> _EXERCISE DIRECTIONS_: Restate the listing below word for word; no picture is to be carried over.

> _GIVEN INFORMATION_:
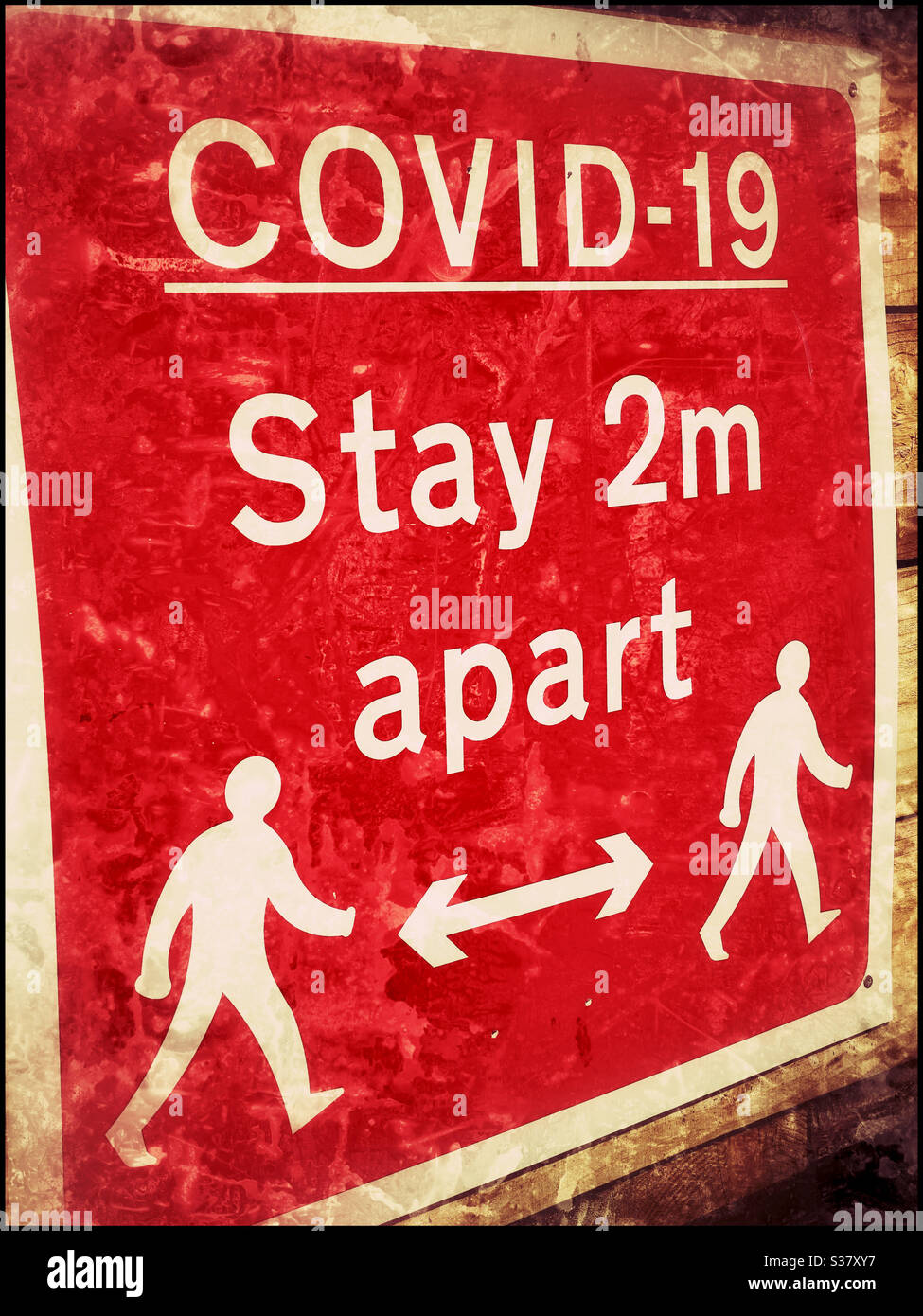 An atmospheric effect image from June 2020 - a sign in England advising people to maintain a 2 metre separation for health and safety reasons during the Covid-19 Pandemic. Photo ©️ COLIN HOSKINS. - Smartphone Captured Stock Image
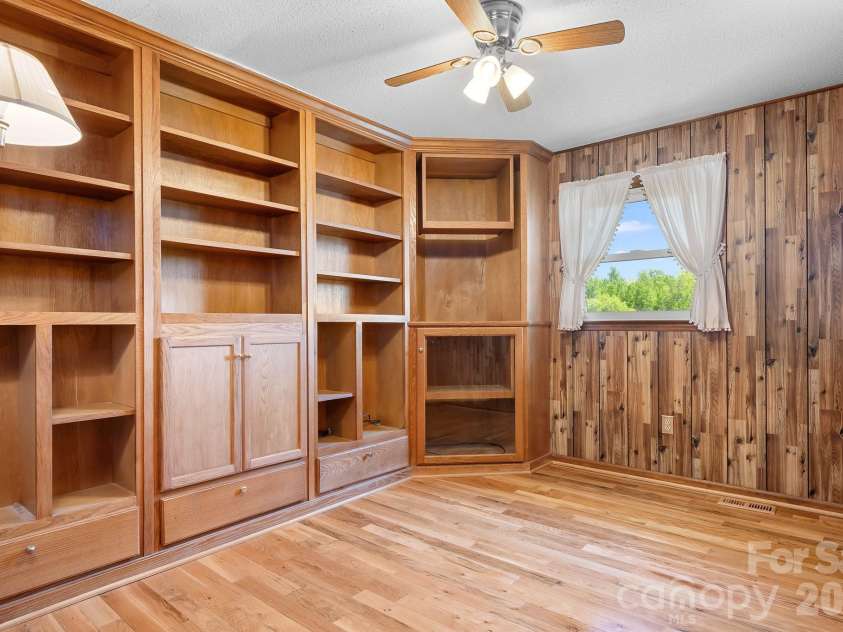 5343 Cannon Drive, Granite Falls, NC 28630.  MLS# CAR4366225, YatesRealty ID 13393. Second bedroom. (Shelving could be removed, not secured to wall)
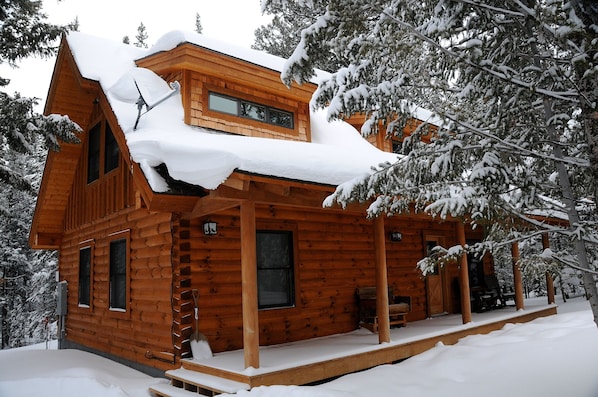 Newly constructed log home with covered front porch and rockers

> _RESULT FOR THIS TASK_:
 An atmospheric effect image from June 2020 - a sign in England advising people to maintain a 2 metre separation for health and safety reasons during the Covid-19 Pandemic. Photo ©️ COLIN HOSKINS. - Smartphone Captured Stock Image
 5343 Cannon Drive, Granite Falls, NC 28630.  MLS# CAR4366225, YatesRealty ID 13393. Second bedroom. (Shelving could be removed, not secured to wall)
 Newly constructed log home with covered front porch and rockers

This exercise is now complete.